EXERCISE GOAL – Every entry is to be reproduced word for word, but the images are not.

[Scraped caption text data]
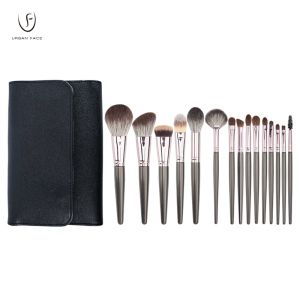 Kit 15 PCS Foundation Makeup Borstes Pink Professional Natural Make Up Brush Set gethår ​​Highlighter Blush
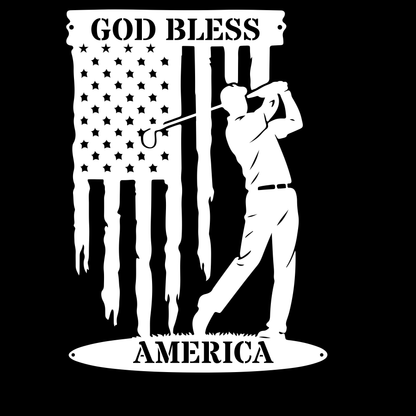 God Bless America Golf Metal Wall Sign – Patriotic Golf Art White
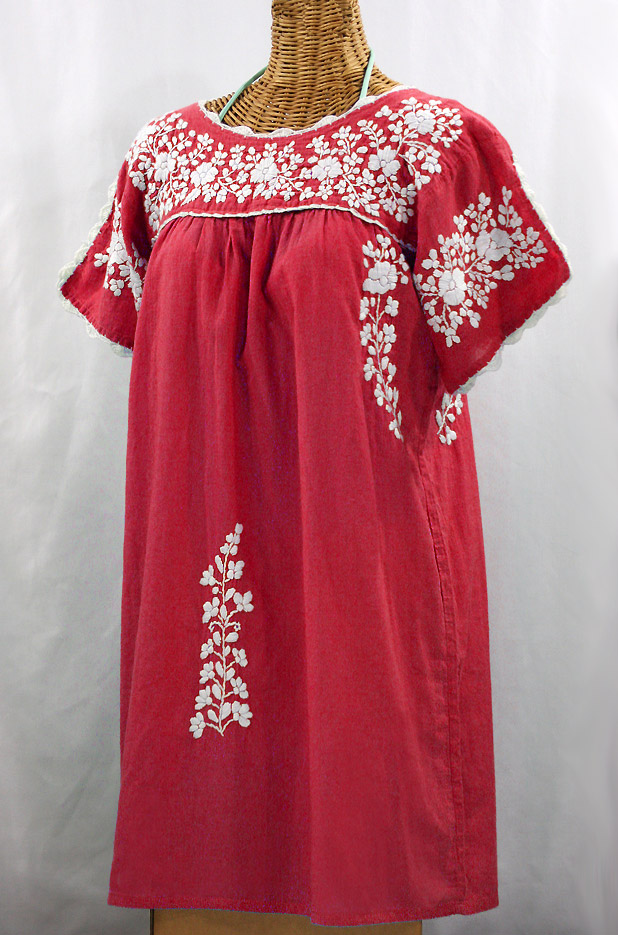 "La Primavera" Embroidered Mexican Dress - Tomato Red + White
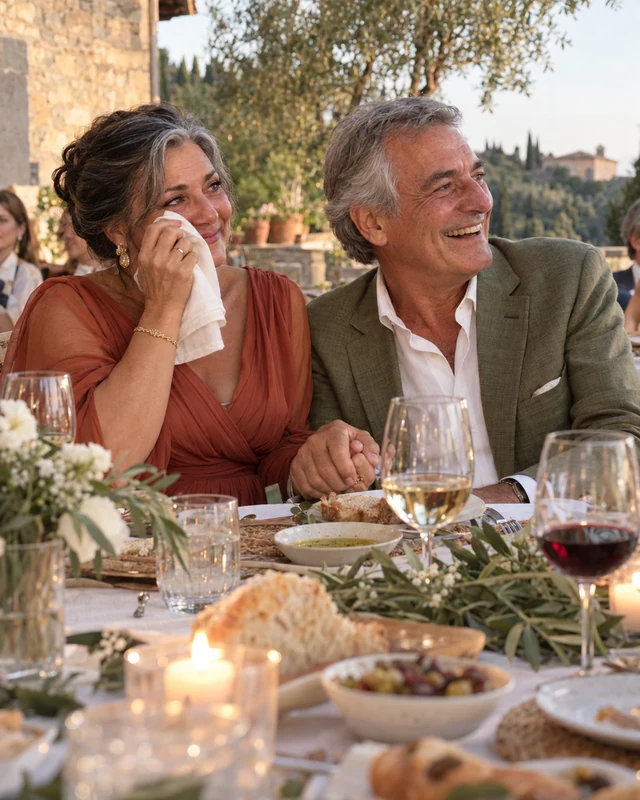 Parents of the bride at a long terrace table at dusk: the mother in a terracotta dress dabs a tear with a napkin and smiles, the father in an olive blazer holds her hand and laughs (AI photo, fictional people)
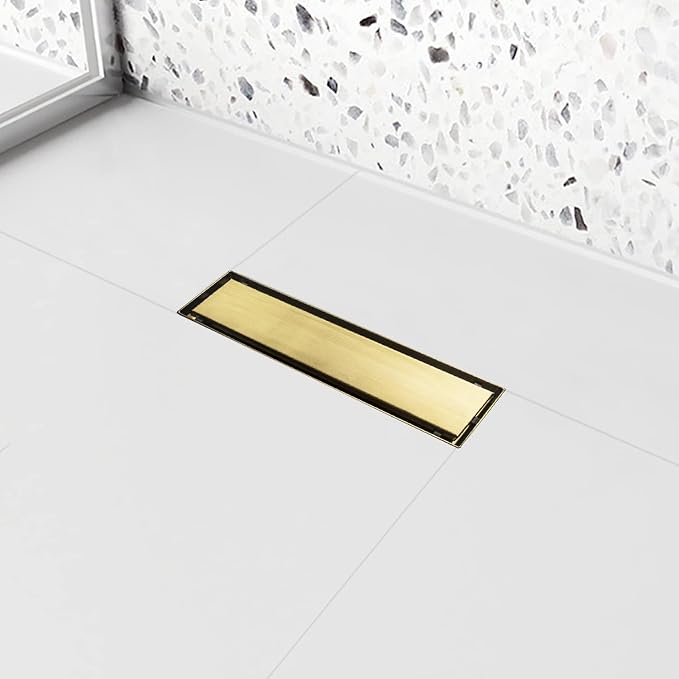 Linear Shower Drain, 12 inch Gold Drain with Tile Insert 2-in-1 Panel, Brushed 304 Stainless Steel Gold Shower Floor Drain, Linear Drain with Hair Strainer and Adjustable Feet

TASK RESULT –
 Kit 15 PCS Foundation Makeup Borstes Pink Professional Natural Make Up Brush Set gethår ​​Highlighter Blush
 God Bless America Golf Metal Wall Sign – Patriotic Golf Art White
 "La Primavera" Embroidered Mexican Dress - Tomato Red + White
 Parents of the bride at a long terrace table at dusk: the mother in a terracotta dress dabs a tear with a napkin and smiles, the father in an olive blazer holds her hand and laughs (AI photo, fictional people)
 Linear Shower Drain, 12 inch Gold Drain with Tile Insert 2-in-1 Panel, Brushed 304 Stainless Steel Gold Shower Floor Drain, Linear Drain with Hair Strainer and Adjustable Feet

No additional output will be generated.